Exercise data Block Start
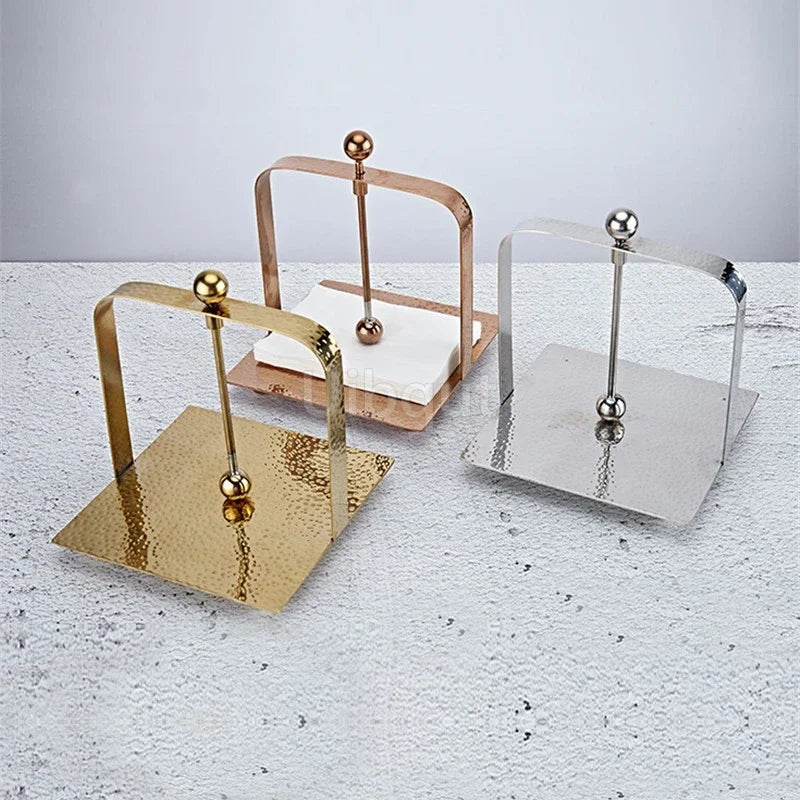 porte serviettes table cuisine métal doré argent moderne élégant distributeur mouchoirs papier décor maison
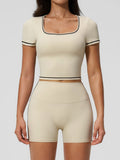 Speed Drying Tight Yoga Sets Women Color Contrast Short Sleeve Slim Sports Top High Waist Leggings Running Fitness Athletic Wear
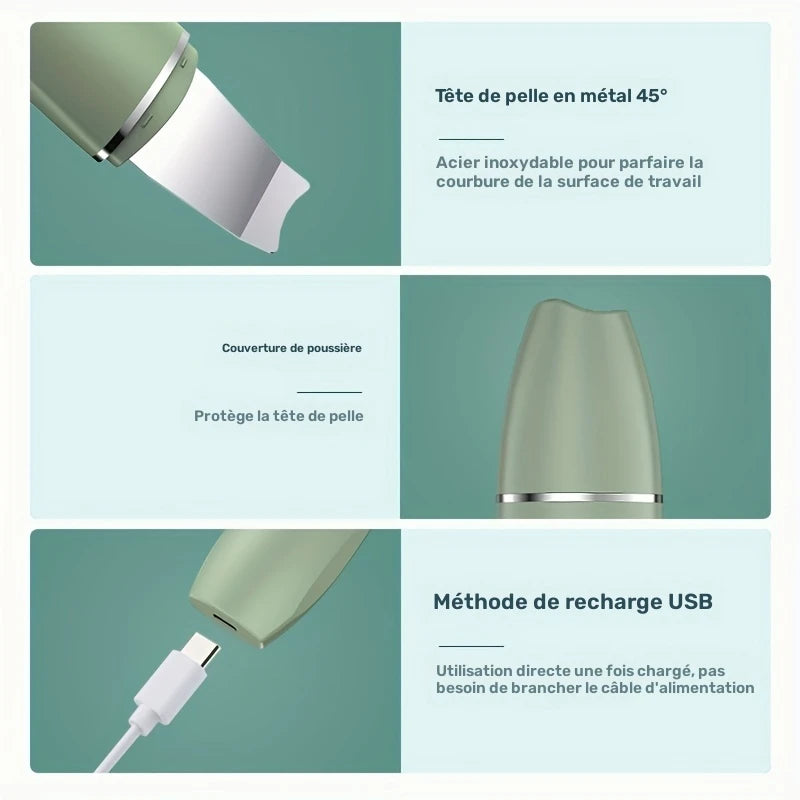 Spatule Ultrason Visage – Nettoyeur de Peau Rechargeable 4 Modes (Peel, Lift, Ion+), Soin Profond & Anti-Imperfections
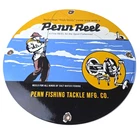 Vintage Penn Reel Salt Water Porcelain Sign - Fishing Tackle Fisherman Sign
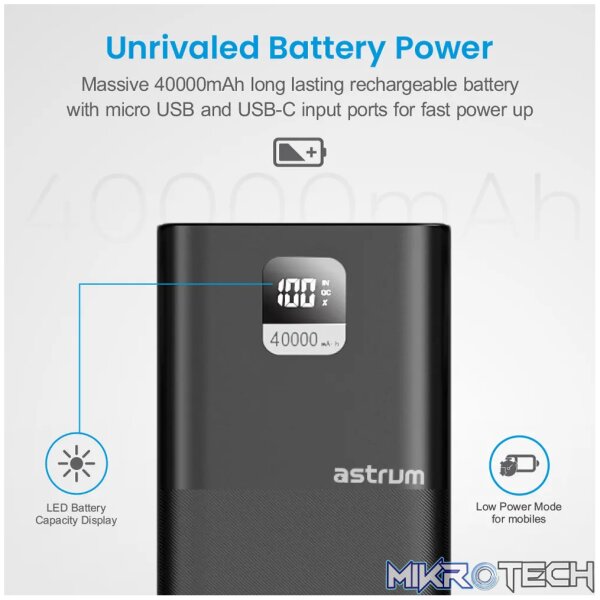 PB455 PD100W Fast Charge Power Bank for Laptop/Mobile 40000mAh 3A - Image 4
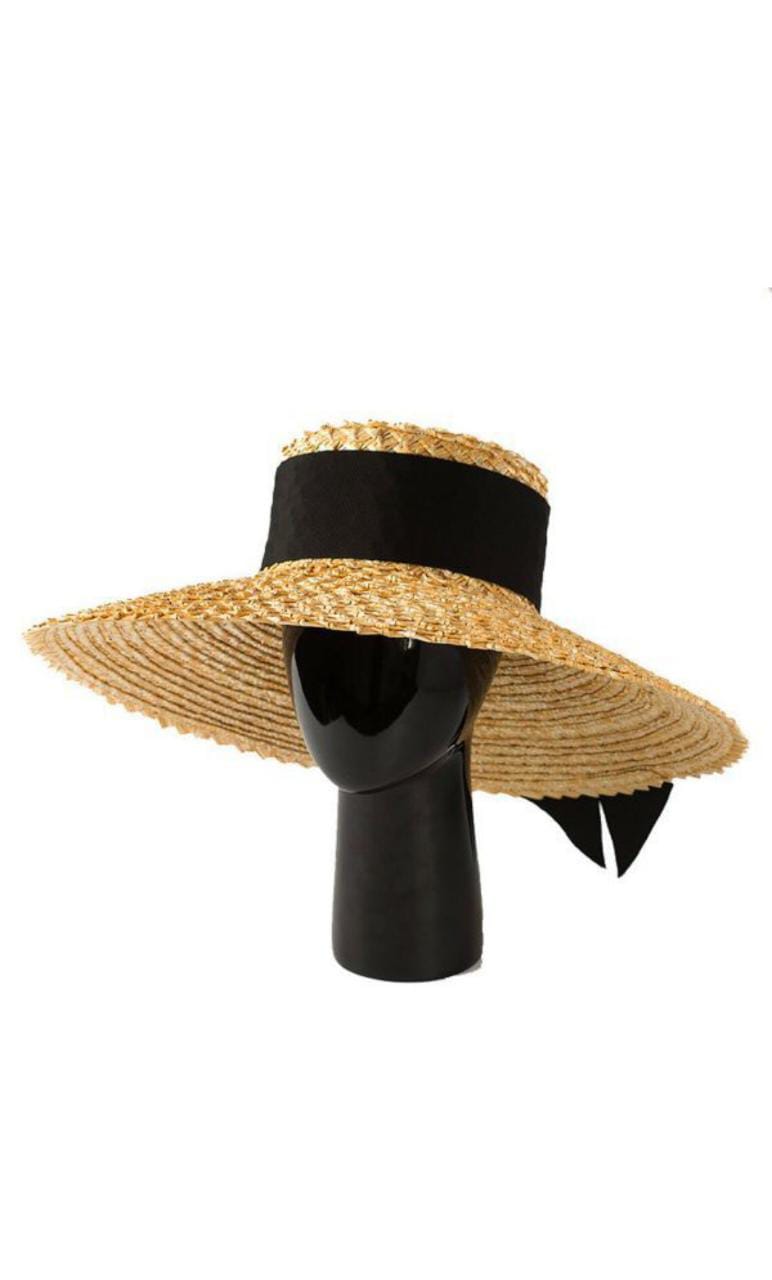 Wide Brim Flat Top Straw Sun Beach Hat for Women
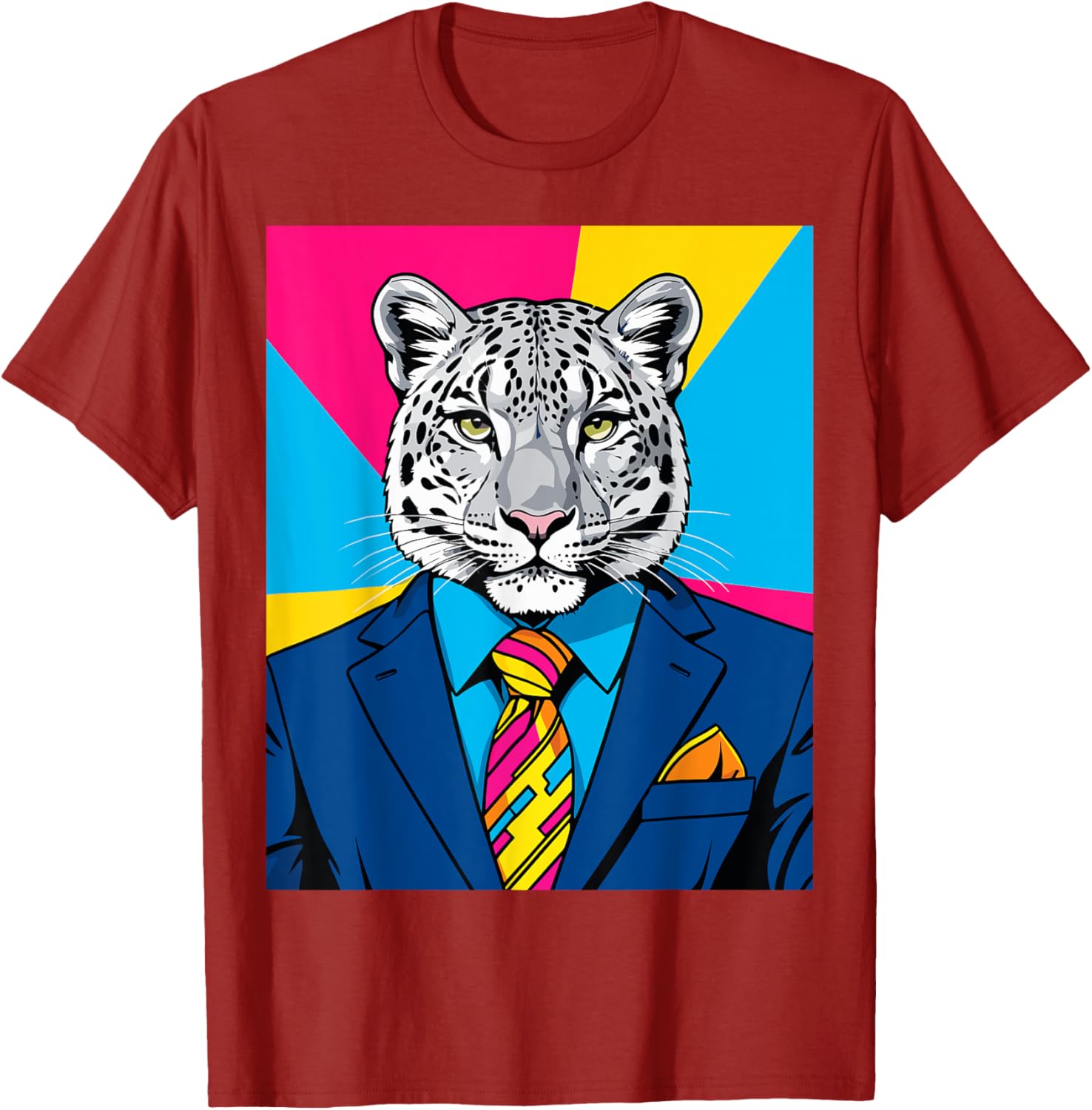 Pop Art Snow Leopard Business Suit T-Shirt Trendy Unique Fashion Wear - 25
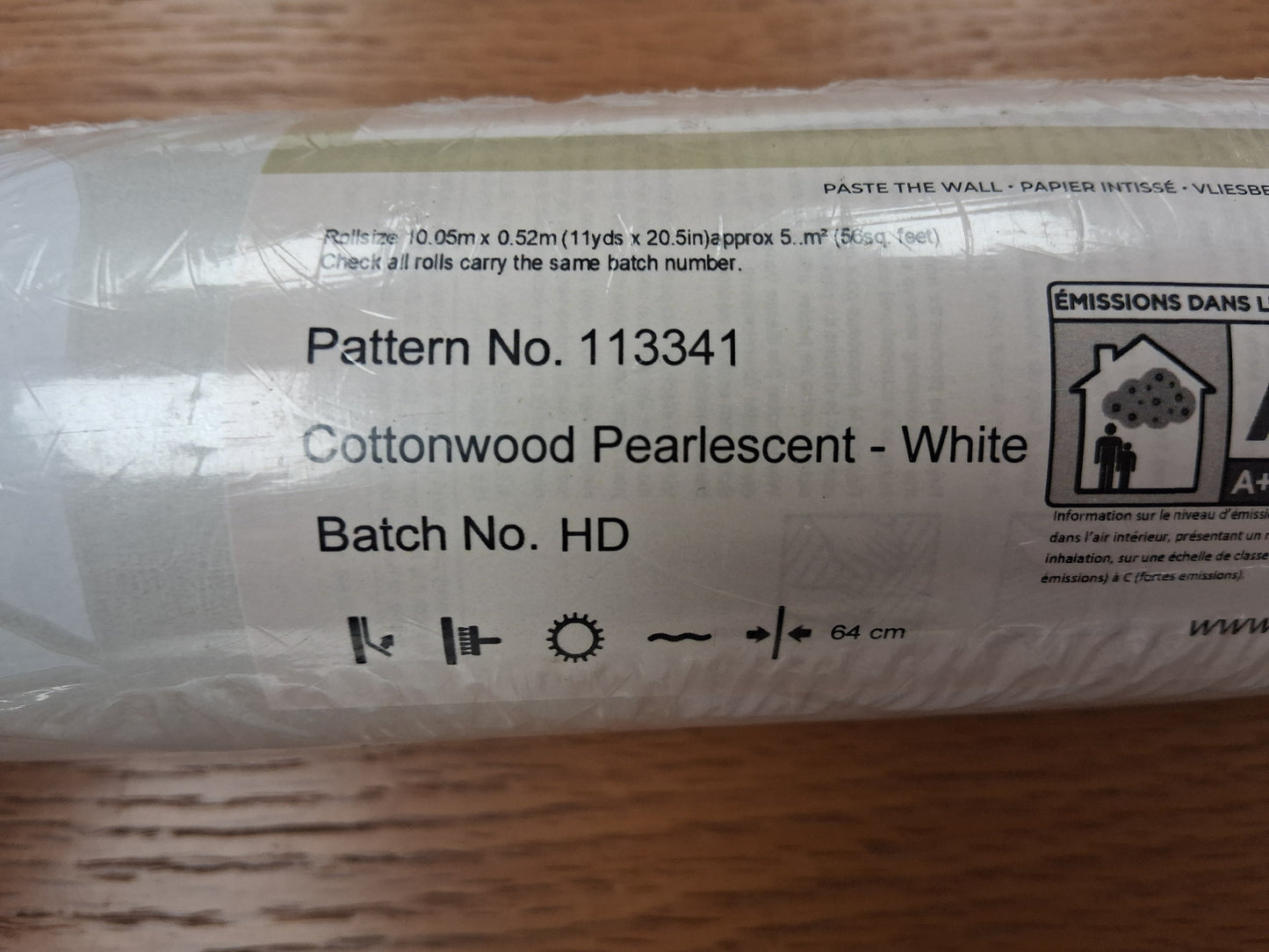 3 Rolls Laura Ashley Wallpaper Cottonwood Pearlescent White
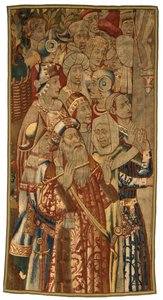 Tapestry, A Jewish Gathering, lavet i Flandern, Belgien, muligvis midten af det 15. århundrede (uld) af Flemish School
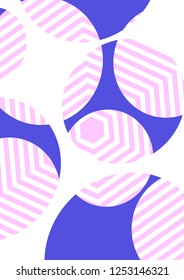 Stylish background with circles and lines. Layered background with cut out circles. Striped pattern.
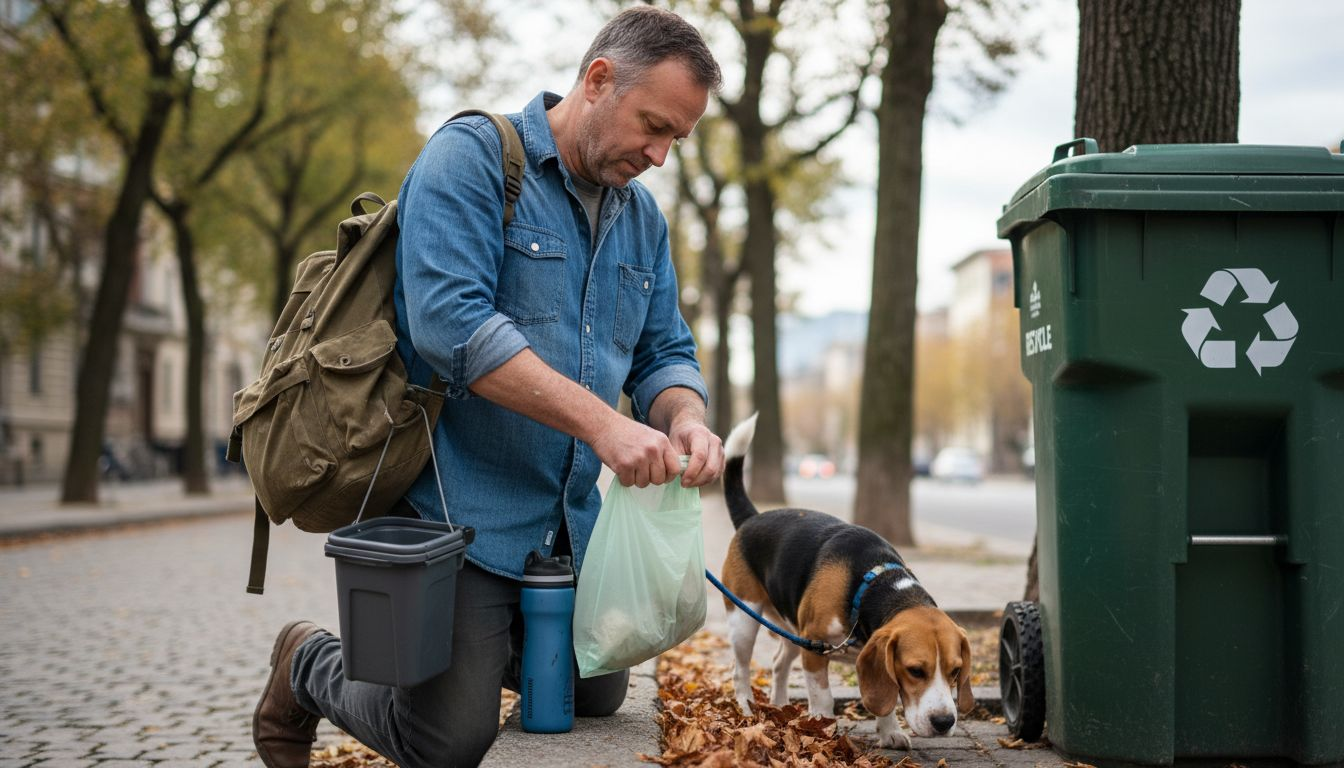 Pet owner using eco-friendly waste bag outdoors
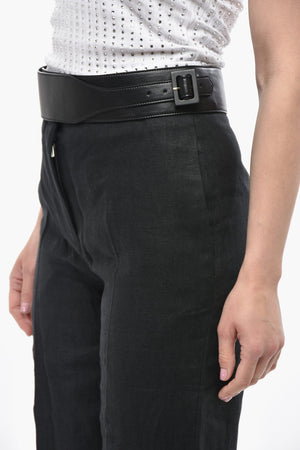Pantaloni in Lino con Dettaglio in Pelle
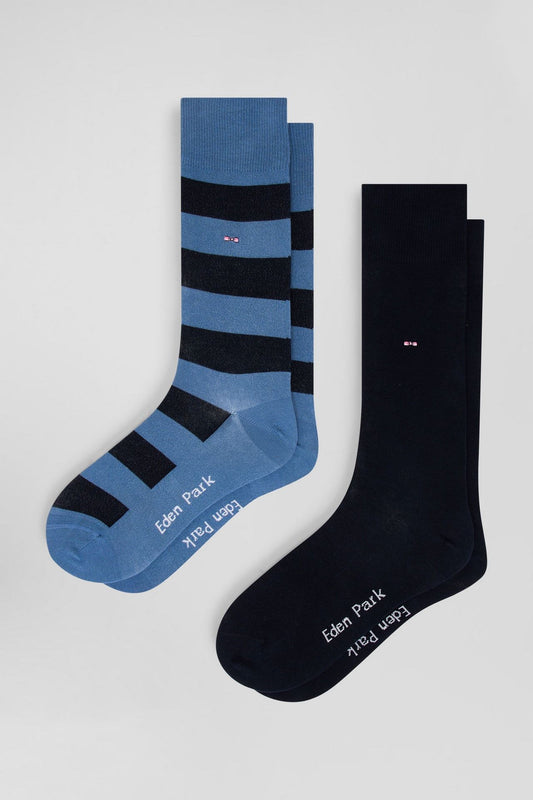 2 pack of stripey socks in blue and navy by Eden Park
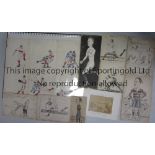 RUGBY UNION Original Rugby Union drawings / sketches from the 19th century and a 4" X 3" mounted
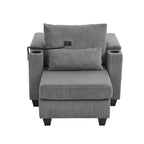 Canapé-lit convertible en velours côtelé avec port USB et deux porte-gobelets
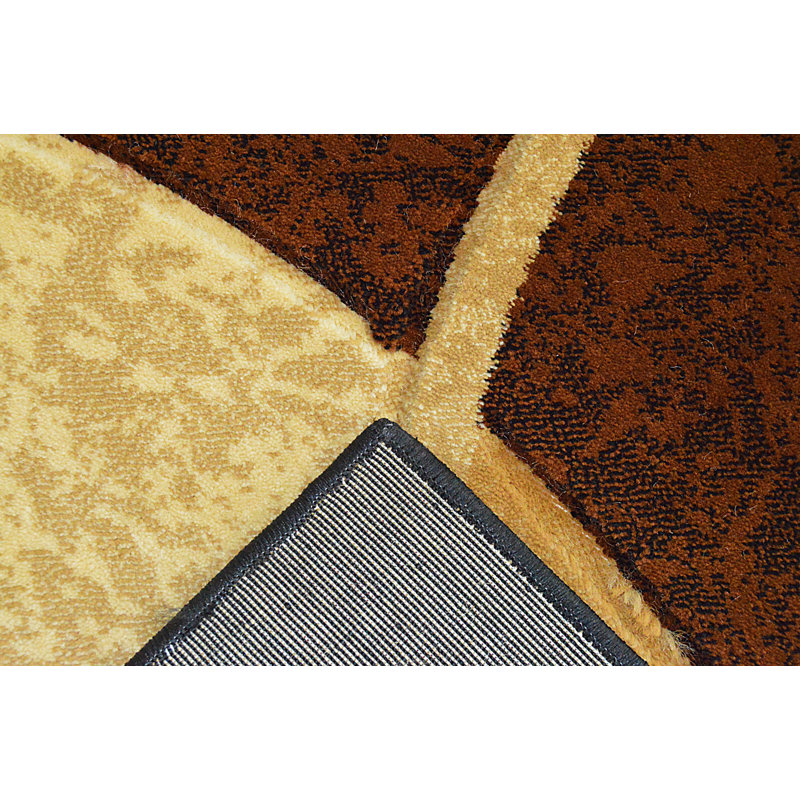 Tapis brun à motif abstrait Galvez, Tapis de couloir 2 pi 2 po x 7 pi 4 po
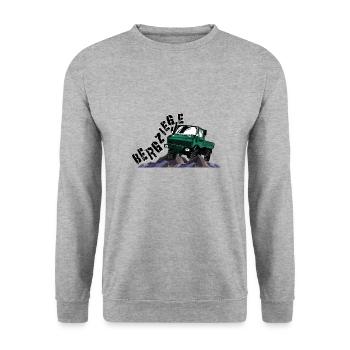 Bergziege - Unimog - Offroad - Oldtimer - Unisex Pullover - Weißgrau meliert - Vorne - Alina (178cm) & Michal (187cm)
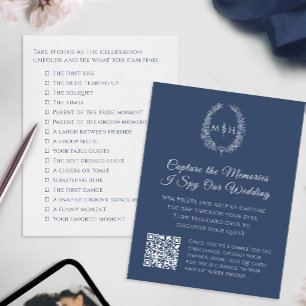 Carte D'accompagnement Concours de photos QR de mariage monogramme ovale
Exercise data Block End
**Activity:** Retype each line of the data exactly, beginning with the first; include the line containing "Tapestry, A Jewish" and stop there, skipping every picture.

**Answer to this problem:**
 porte serviettes table cuisine métal doré argent moderne élégant distributeur mouchoirs papier décor maison
 Speed Drying Tight Yoga Sets Women Color Contrast Short Sleeve Slim Sports Top High Waist Leggings Running Fitness Athletic Wear
 Spatule Ultrason Visage – Nettoyeur de Peau Rechargeable 4 Modes (Peel, Lift, Ion+), Soin Profond & Anti-Imperfections
 Vintage Penn Reel Salt Water Porcelain Sign - Fishing Tackle Fisherman Sign
 PB455 PD100W Fast Charge Power Bank for Laptop/Mobile 40000mAh 3A - Image 4
 Wide Brim Flat Top Straw Sun Beach Hat for Women
 Pop Art Snow Leopard Business Suit T-Shirt Trendy Unique Fashion Wear - 25
 3 Rolls Laura Ashley Wallpaper Cottonwood Pearlescent White
 Tapestry, A Jewish Gathering, lavet i Flandern, Belgien, muligvis midten af det 15. århundrede (uld) af Flemish School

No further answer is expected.